I tried to run the following code on my Desktop (Windows 7, core i7 with 12GB of memory):
import logging, sys, pprint
import os.path
import numpy as np
from gensim import corpora, matutils
from gensim.parsing.preprocessing import preprocess_documents, preprocess_string
from gensim.models import LdaModel, TfidfModel
bg_corpus_file = 'wikipedia_background.cor'
class MyCorpus(object):
def __iter__(self):
for line in open(bg_corpus_file):
yield dictionary.doc2bow(preprocess_string(line))
print "collecting statistics about all tokens..."
dictionary = corpora.Dictionary(preprocess_string(line) for line in open(bg_corpus_file))
print "preprocessing and converting the background corpus to BOW..."
bg_corpus = MyCorpus()
print "weighting the background corpus according to TFIDF schema..."
tfidf = TfidfModel(bg_corpus)
print "training LDA model..."
lda = LdaModel(corpus=tfidf[bg_corpus], id2word=dictionary, num_topics=300, update_every=0, passes=20)
lda.save("lda.model")
#t1 = "information retrieval"
#v1 = lda[dictionary.doc2bow(preprocess_string(t1))]
#t2 = "topic modelling"
#v2 = lda[dictionary.doc2bow(preprocess_string(t2))]

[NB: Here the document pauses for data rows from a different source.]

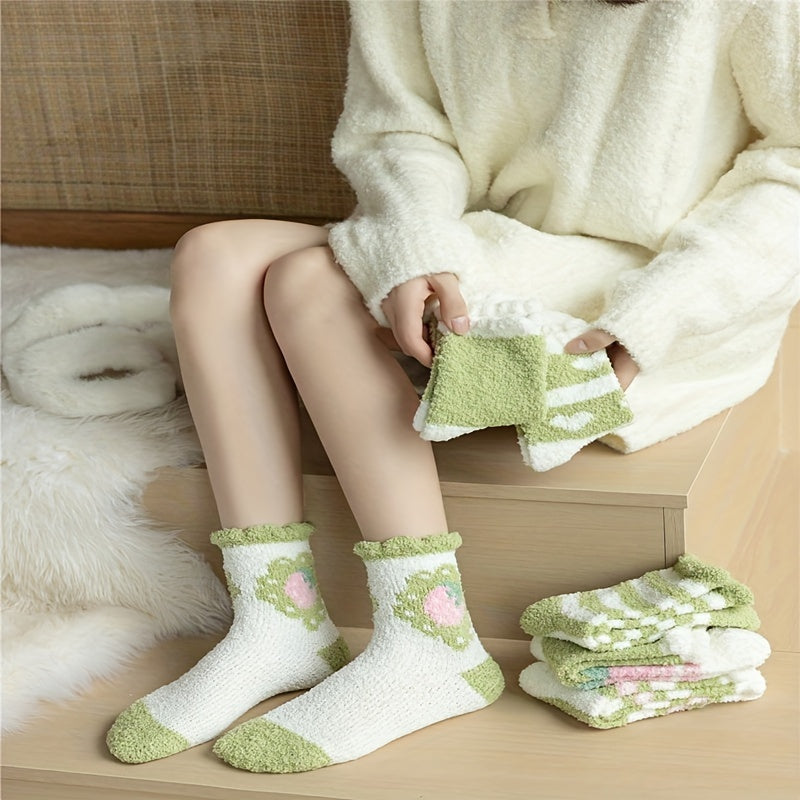 6 Pairs Heart & Stripe Pattern Plush Socks Soft Mid Tube Women's Stockings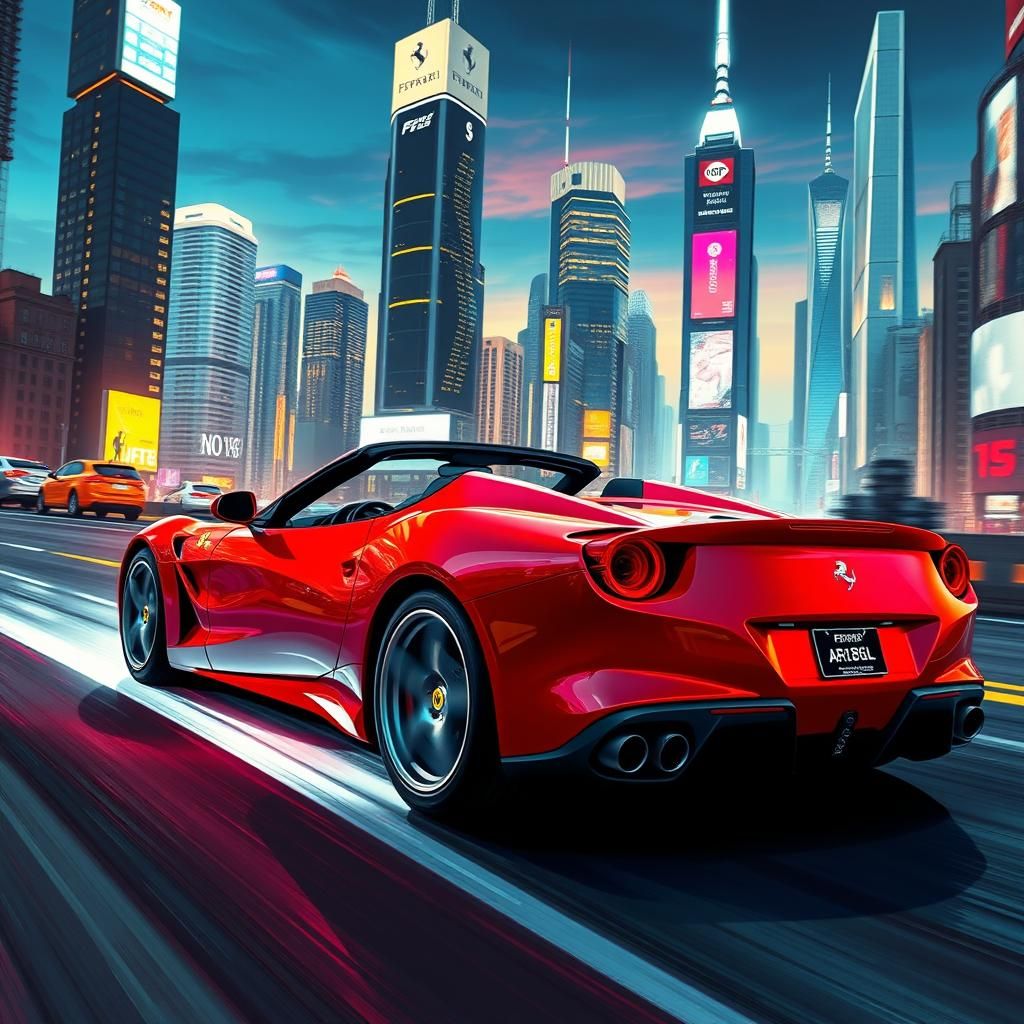 Ferrari Gran Turismo in Cyberpunk Cityscape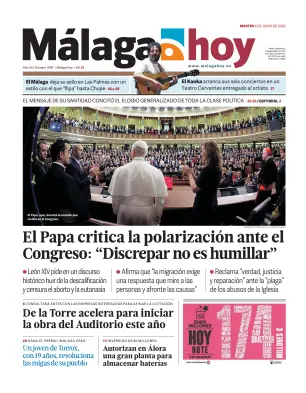 Portada de Málaga Hoy, 9 de junio de 2026
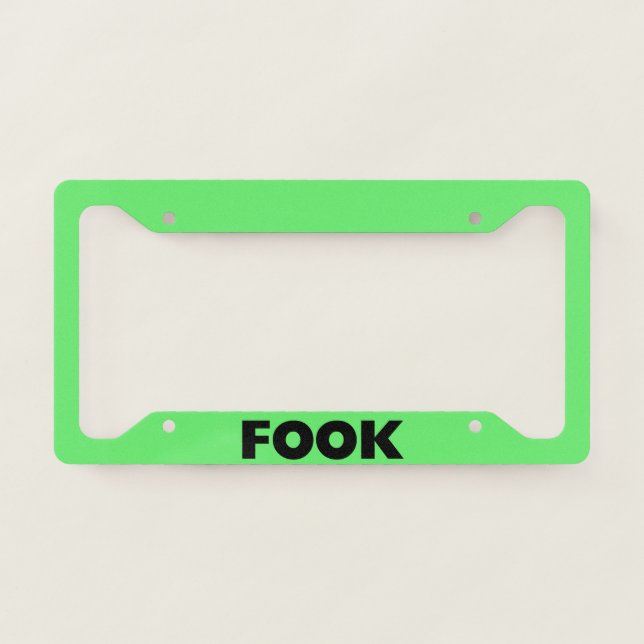 Fook green black car license plate frame C (Front)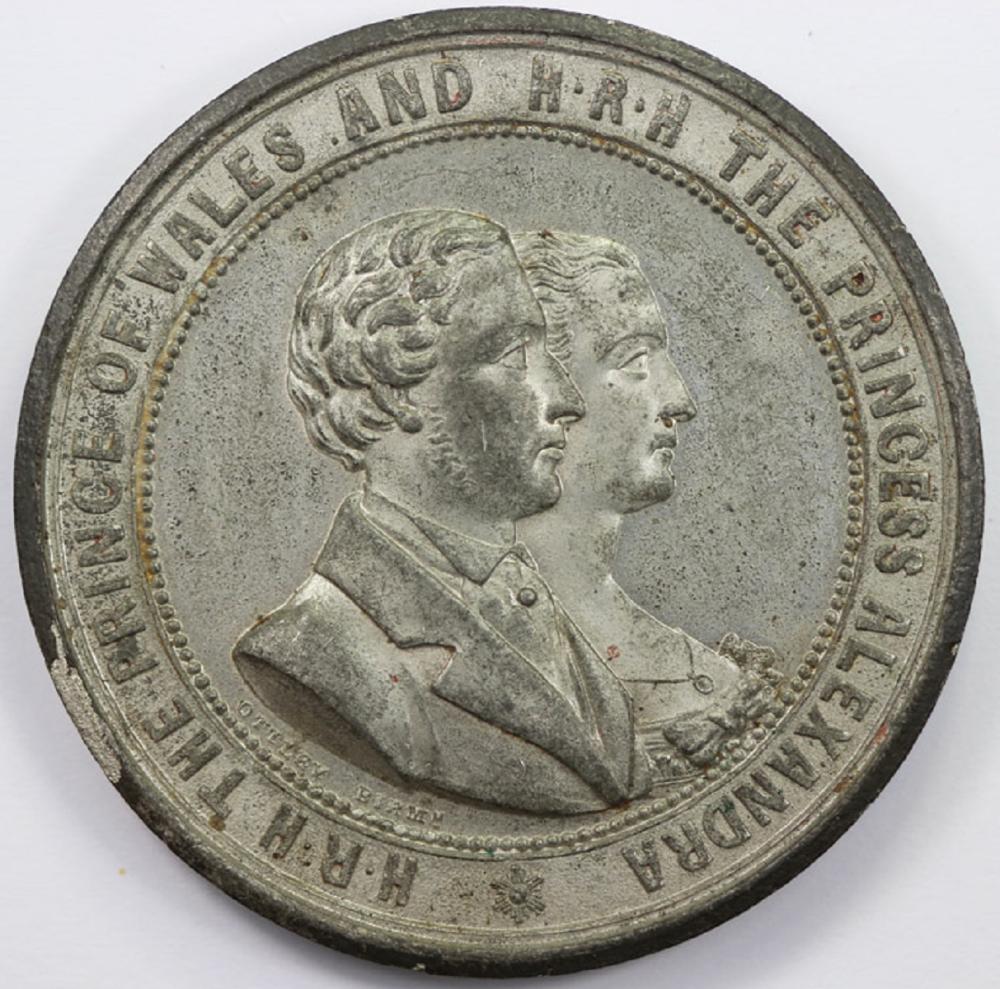 Great Britain. 1863 Marriage Medallion in white metal for the Prince of Wales & Princess Alexandria, about Uncirculated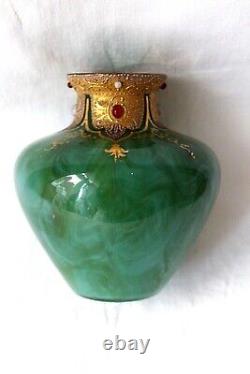 Antique Loetz Marmoriertes (Malachite) green glass vase c 1893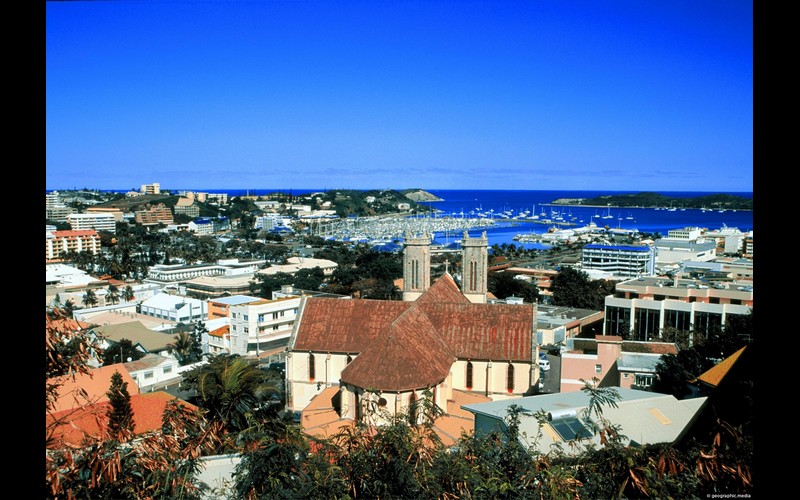 5 Noumea Harbor-Cathedral St. Joseph (rear) in foreground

#print(matutils.cossim(v1, v2))
print "DONE"
It has been terminated after 3.5 days.
Is it possible to know what's the remaining time?
The computation process is interesting:
The
memory is iteratively move up to 11-12GB and then move down to 6-7GB
and do some calculation and then move up to 11GB again.
I want to have a unifying experiments and test the performance of a lot
of models over a lot of corpuses to find the answer of different
questions. So, it will be prohibitive if the calculation process will be
time-consuming. Can you help me in this issue?
Thanks.
Amir